Loi «sécurité globale»: le procès d’intention permanent
par Rémi Godeau
Entre sécurité et liberté, il faudrait donc encore choisir ? Tel est en tout cas le marché de dupes de la proposition de loi sur la « sécurité globale » (article 24) : au nom de la – légitime – protection des policiers en intervention, encadrer la diffusion d’images des forces de l’ordre, au risque d’imposer une vérité administrative et une autocensure générale. Comme si l’Etat de droit ne pouvait qu’opposer au désordre et à la perte d’autorité un nouveau sacrifice de nos principes fondamentaux…
Il ne s’agit pas de jouer les niais face à la violence de la société, mais de prendre au sérieux les avis des Nations Unies et de la Défenseure des droits, sévères sur les atteintes potentielles à la vie privée et à la liberté d’informer. Il ne s’agit pas davantage de verser dans l’angélisme, en niant les flots de haine à visée de lynchage charriés par les réseaux sociaux, mais d’alerter sur cette dérive propre aux systèmes liberticides : la lutte contre une menace réelle débouche sur une disposition répressive trop floue pour être sage.

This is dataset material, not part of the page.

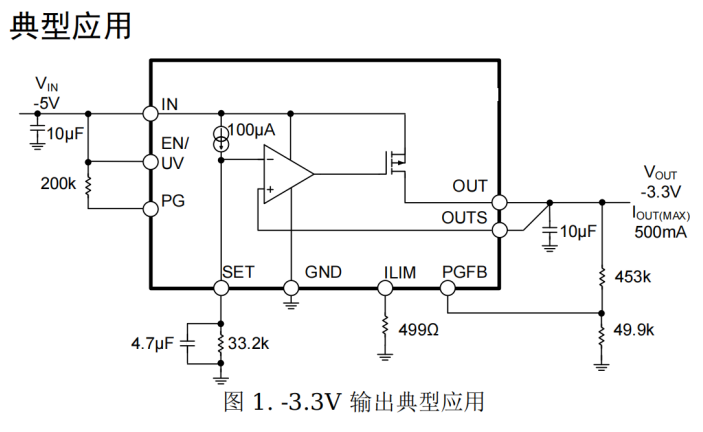 -30v-500MA负压超低声噪稳压芯片LDO芯片PS3095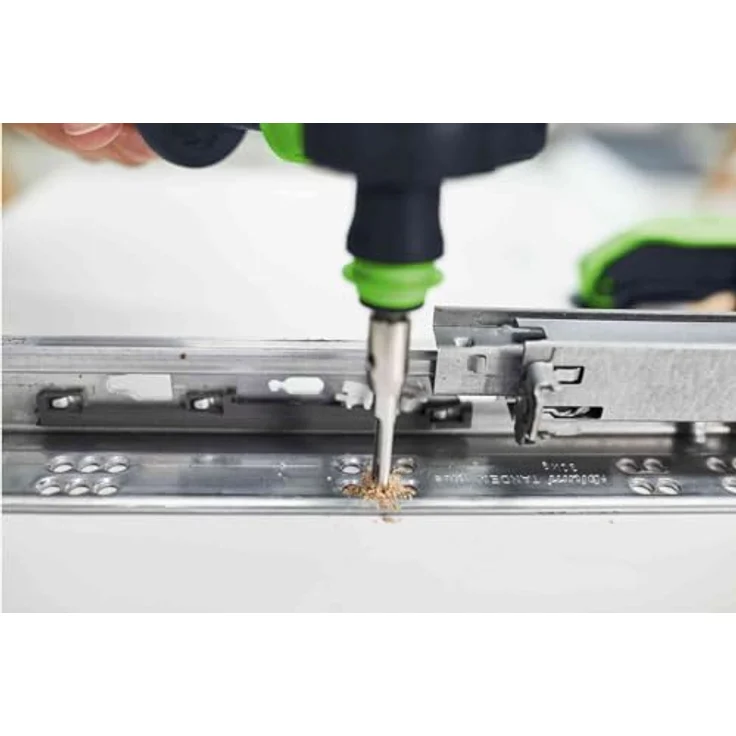 Festool ZB HS D 5 EURO CE 492525, Zentrierbohrer 5 mm mit Tiefenbegrenzung und selbstzentrierter Führungshülse, 1 Stück – Bild 4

Excessif, dans une vieille démocratie comme la France ? Pas vraiment. D’état d’urgence en loi d’exception, de couvre-feu en attestations, le citoyen est désormais sommé d’accepter sans mot dire des garanties diminuées, des entraves multipliées, des empiétements successifs… Il est censé se soumettre à toujours plus de restrictions jusqu’à ce que des circonstances dramatiques commandent d’autres privations, au prétexte d’une efficacité en fait jamais satisfaite. Sous contrôle social, il doit intégrer la suspicion permanente, le juge étant maintenant chargé d’évaluer l’intentionnalité (ici de nuire, là de haïr) plutôt que les délits.
Mieux que quiconque, l’avocat François Sureau a décrit ce moment où « la liberté n’est plus un droit, mais une concession du pouvoir ». Cette proposition de loi nous rapproche un peu plus de la bascule.